What honestly pisses me off about these stupid questions is that I know what they want to hear. In my opinion they want you to say the dog is a fine example of a breed X and that way they feel justified in breeding the mutt.


----------



## Sadie (Jun 18, 2008)

apbtmom76 said:


> ME TOO Sharon, I spent last night chattin with Bev and Tara, hahah awesome way to ring in the new year  I wish you all nothing but the BEST in 2011


Hahaha we rocked that chat room out ! Girl you are a mess that's all I am going to say  And Bev girl you are too funny thanks for the Memo  Hope you guys got some good sleep I know I sure did LOL


----------



## apbtmom76 (Nov 4, 2008)

hahaha, I sooo enjoyed our convo, and I did get some well needed sleep, it was awesome, sweet dreams.  ahhhhh good times 

lmaoo girl, just think what it will be like when we finalyl hang out, lmaooooo


----------



## American_Pit13 (Apr 23, 2007)

MY MIKADO said:


> I hope everyone had a good new years eve.
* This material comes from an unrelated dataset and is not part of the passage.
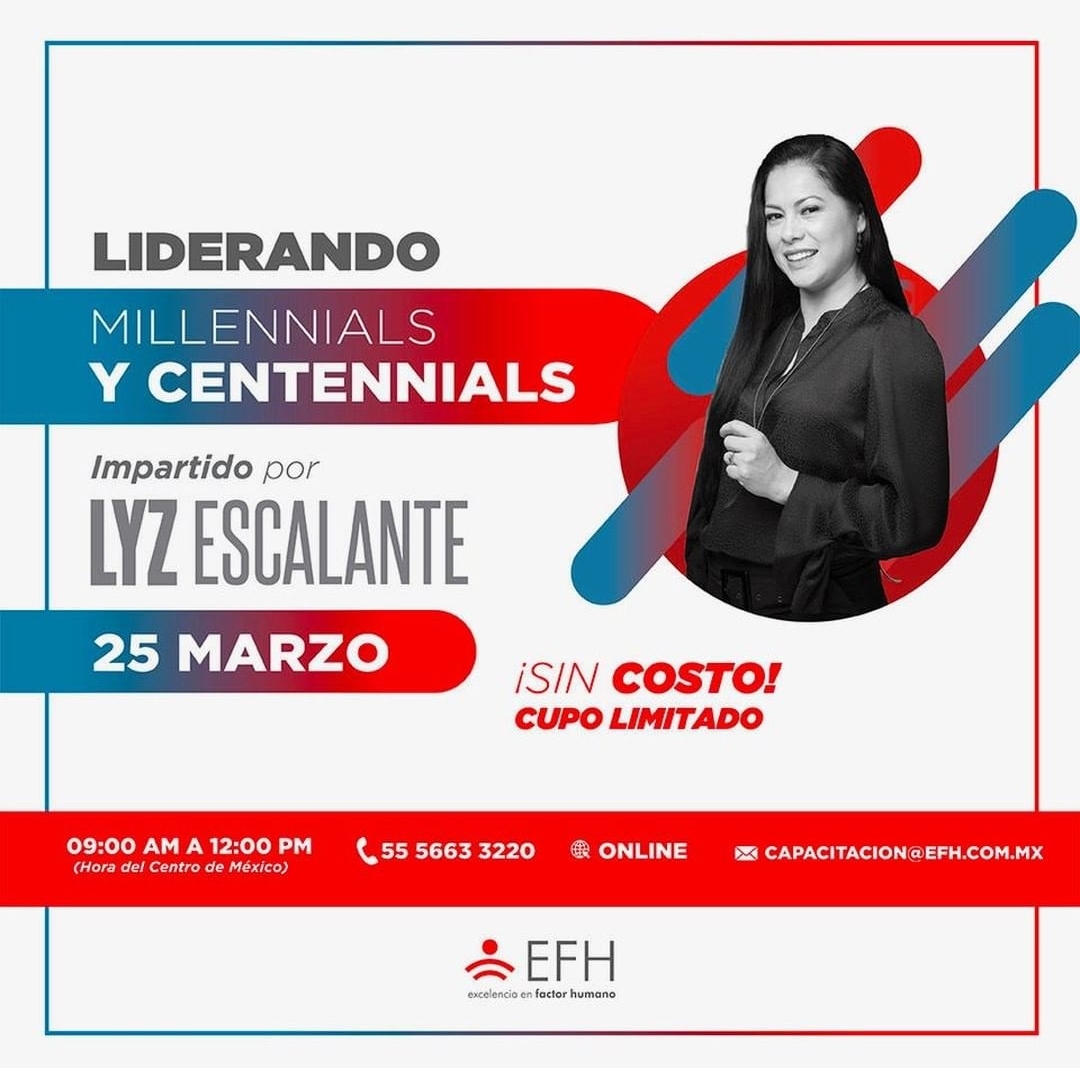 Le invitamos a participar del siguiente Taller gratuito en línea.Tema: Liderando Millennials y Centennials.
Fecha: 25 marzo 2021 ¡Cupo limitado!
Recuerde colocar el código RD PARAGUAY al registrarte en el formulario us02web.zoom.us/.../561.../WN_…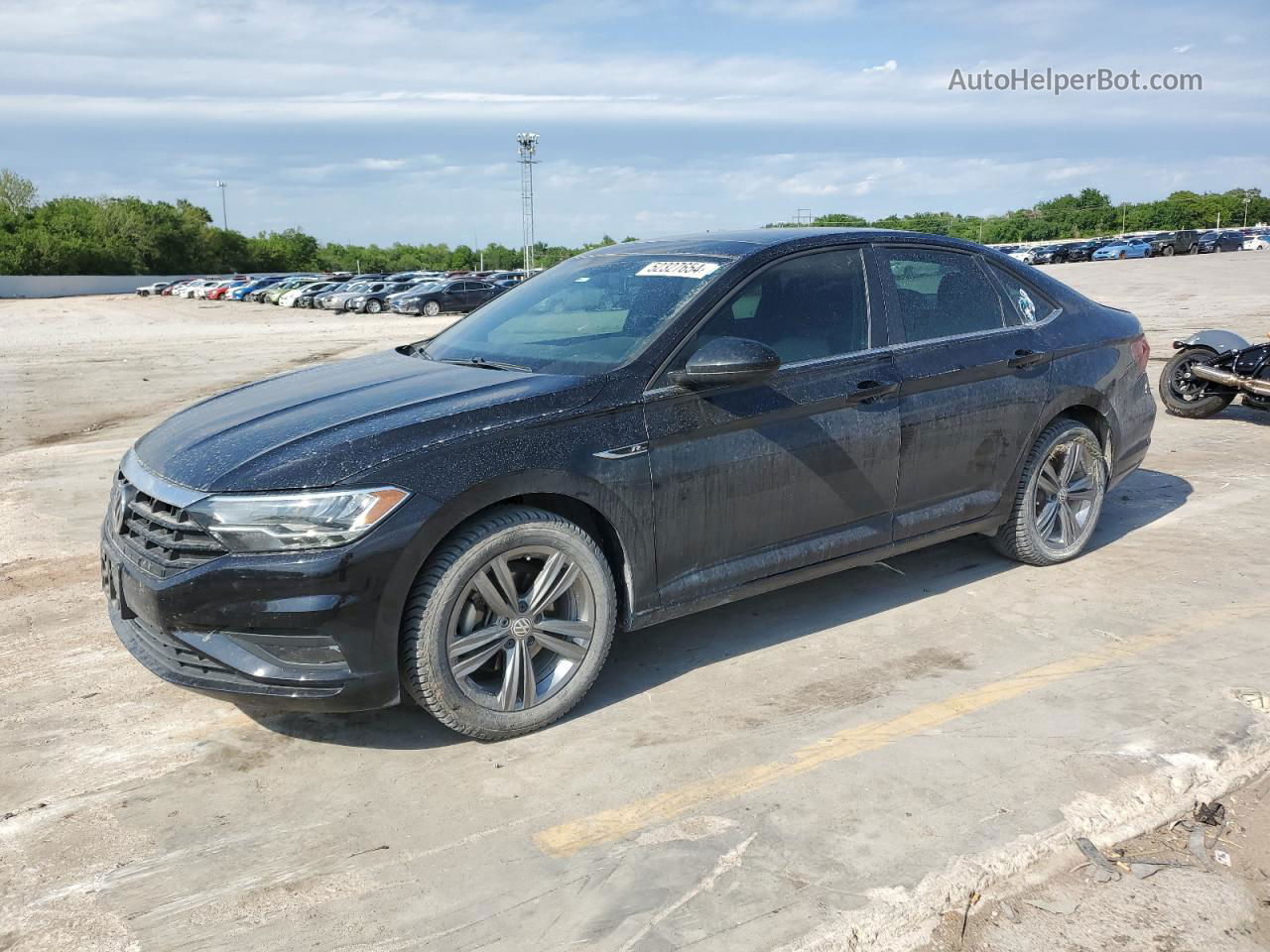 2019 Volkswagen Jetta S Black vin: 3VWC57BU7KM086962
I wish all of you the best for 2011.
> 
> I am really hoping that Bev gets out of her apt and gets herself snoop dog.





apbtmom76 said:


> ME TOO Sharon, I spent last night chattin with Bev and Tara, hahah awesome way to ring in the new year  I wish you all nothing but the BEST in 2011


Lets all send Bev some New Year Snoop Dogg wishes! Next year we want cards like this Bev! You and your boy


----------



## apbtmom76 (Nov 4, 2008)

OMG Holly I am gonna cry, BB will LOVE this. What an awesome pic. Look mah, that msile on your face says it all


----------



## American_Pit13 (Apr 23, 2007)

I hope she likes it and it brings a smile Aimee made it, I just designed it.


----------



## apbtmom76 (Nov 4, 2008)

I know she will love it, and Aimee does an awesoem job, you guys make a great team


----------



## American_Pit13 (Apr 23, 2007)

We are working on something for you Tye  Aimee made my sig as well with my ideas and her skills. Aimee and I also made the new back ground and whole new custom layout on my site. We are changing some things on it tonight tho, as some things where not exactly what we where going for. I think we make a great team too


----------



## apbtmom76 (Nov 4, 2008)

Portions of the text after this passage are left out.